VoxAct-B: Voxel-Based Acting and Stabilizing Policy for Bimanual Manipulation (CoRL 2024)
https://voxact-b.github.io/
MIT License
13 stars 0 forks source link

What is the training platform and how long did the training take? #3

Closed yanrihong closed 2 weeks ago

yanrihong commented 2 weeks ago

Dear authors, I have read your paper "VoxAct-B: Voxel-Based Acting and Stabilizing Policy for Bimanual Manipulation" with great interest. The work presented is very impressive. I have a few questions regarding the training process: In your paper, it is mentioned that "We train the policy with a batch size of 1 on a single Nvidia 3000 series GPU for two days."

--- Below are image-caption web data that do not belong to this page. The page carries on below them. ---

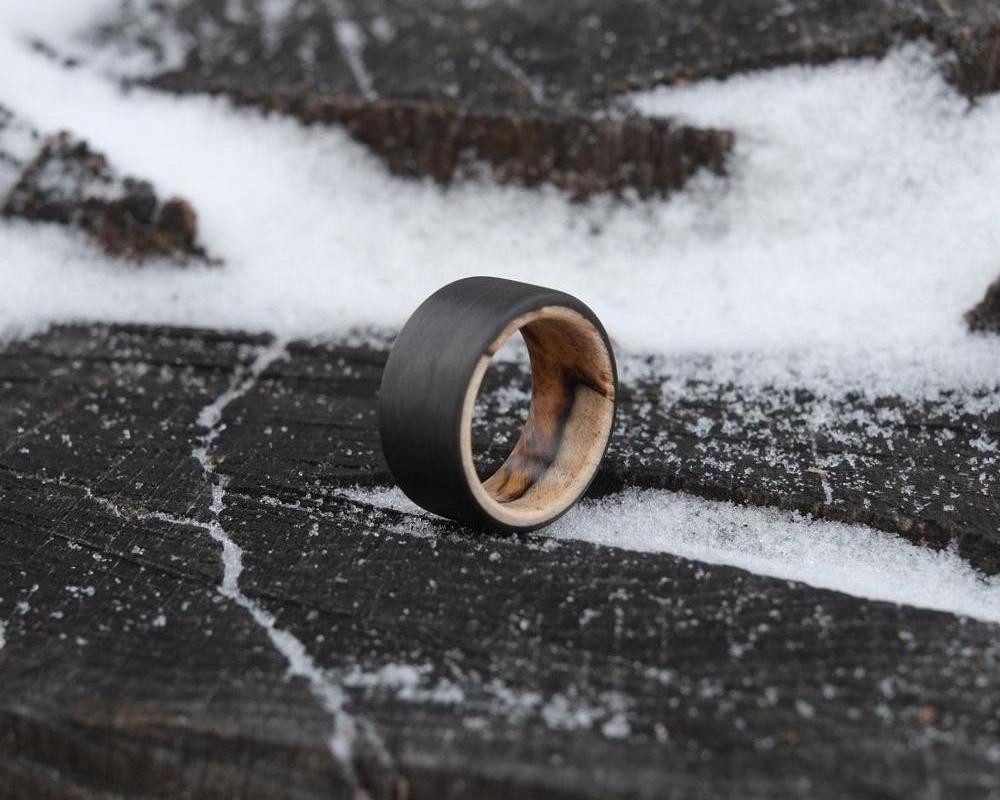spalted maple and carbon fiber handmade ring front-side view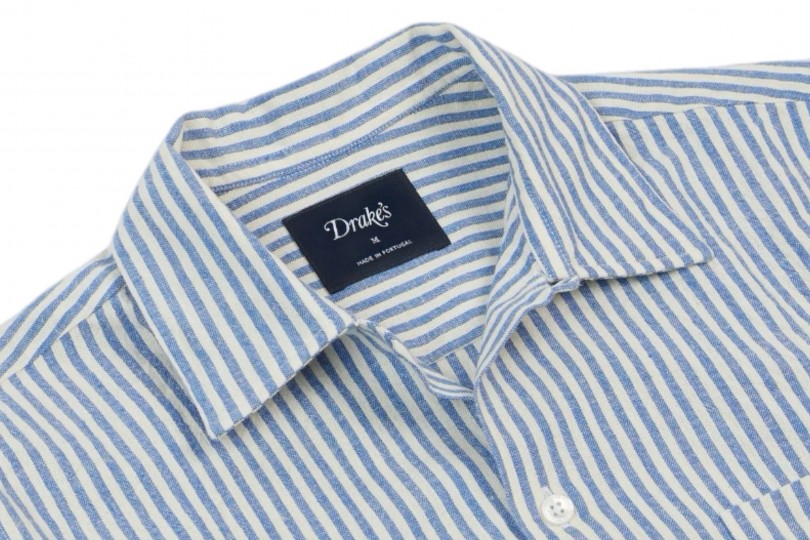 Drake's Cotton-Linen Camp Shirt Blue and White Stripe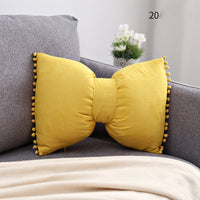 HKM-663187 Bow Knot Pillow Cushion for Home, Bed, and Sofa - Removable Cotton Cover, 35x50cm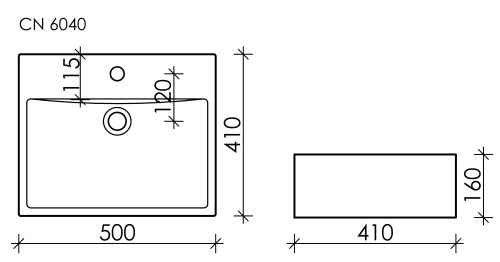 Раковина Ceramica Nova ELEMENT 50 см CN6040 накладная цвет белый - фото 2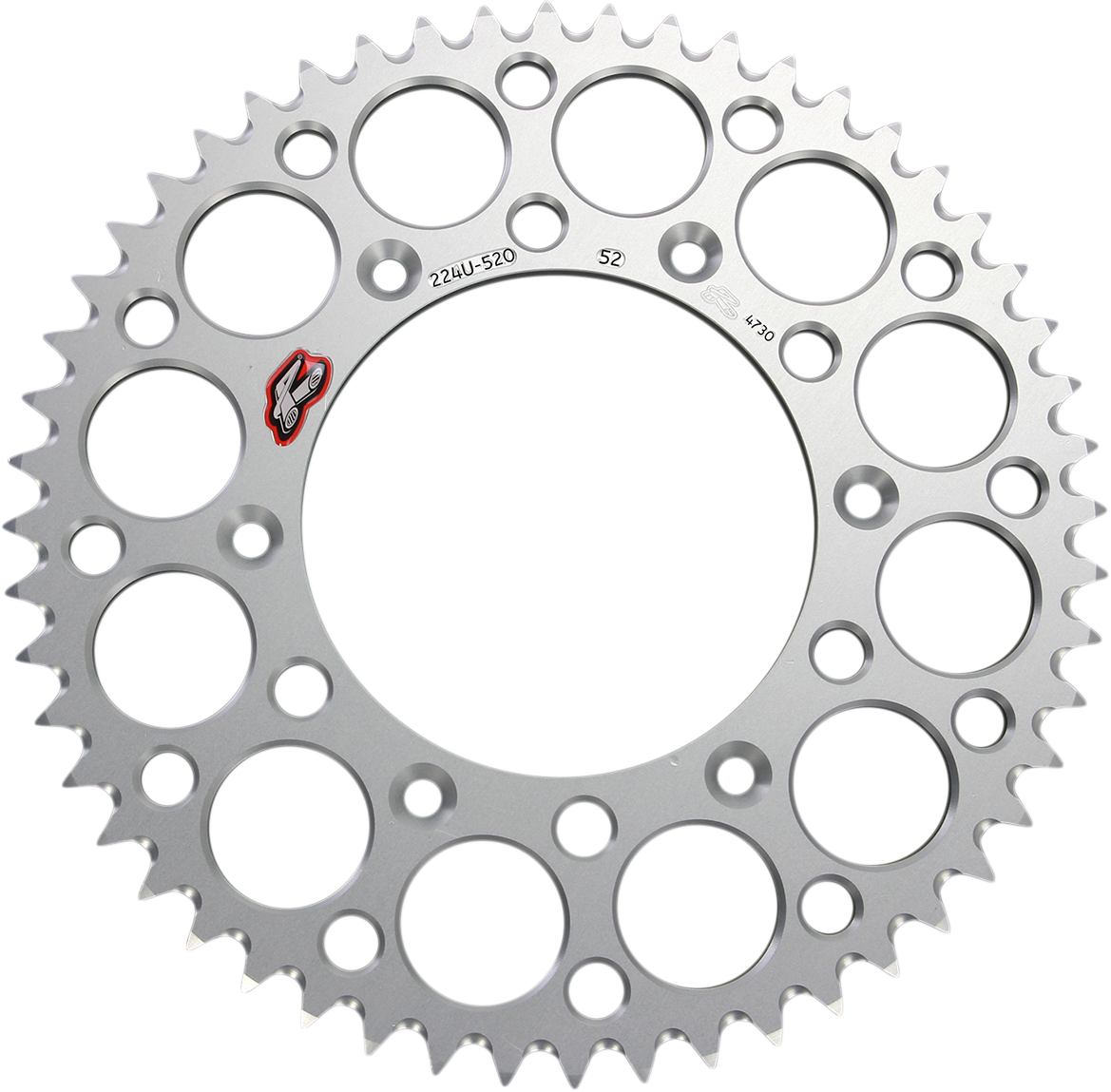 RENTHAL 224U-520-52GPSI Aluminum Rear Sprocket - 52 Tooth, Silver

  1. Does this mean that only the policy part needs to be trained?
  2. What platform was used for training the models? and How long did the training process take?
  3. Can a single 4090 GPU handle the entire workflow of the training process?
  4. It is noted that a related work, peract, used a batch - size of 16 on 8 NVIDIA V100 GPUs for 16 days. I am wondering if there are any similarities or differences in the training setup for VoxAct - B.

Thank you for your time and for sharing your research. Looking forward to your response. best

arthur801031 commented 2 weeks ago

Thank you for your kind words!

  1. Correct. For example, if you want to train VoxAct-B on Open Jar, you can use these scripts, documented on README:

    ./train_open_jar_ours_vlm_10_demos_v2_11_acting.sh
    ./train_open_jar_ours_vlm_10_demos_v2_11_stabilizing.sh
  2. We used Ubuntu 22.04. It took two days to train one acting policy and one stabilizing policy in parallel (two separate GPUs).

  3. Yes, but it would be slower since you would train the acting and stabilizing policies on a single GPU.

  4. The acting and stabilizing policies are based on the PerAct architecture, but we only use 50^3 voxels instead of the 100^3 voxels used in PerAct, so training VoxAct-B is much faster than training PerAct. Please refer to the Appendix for more details.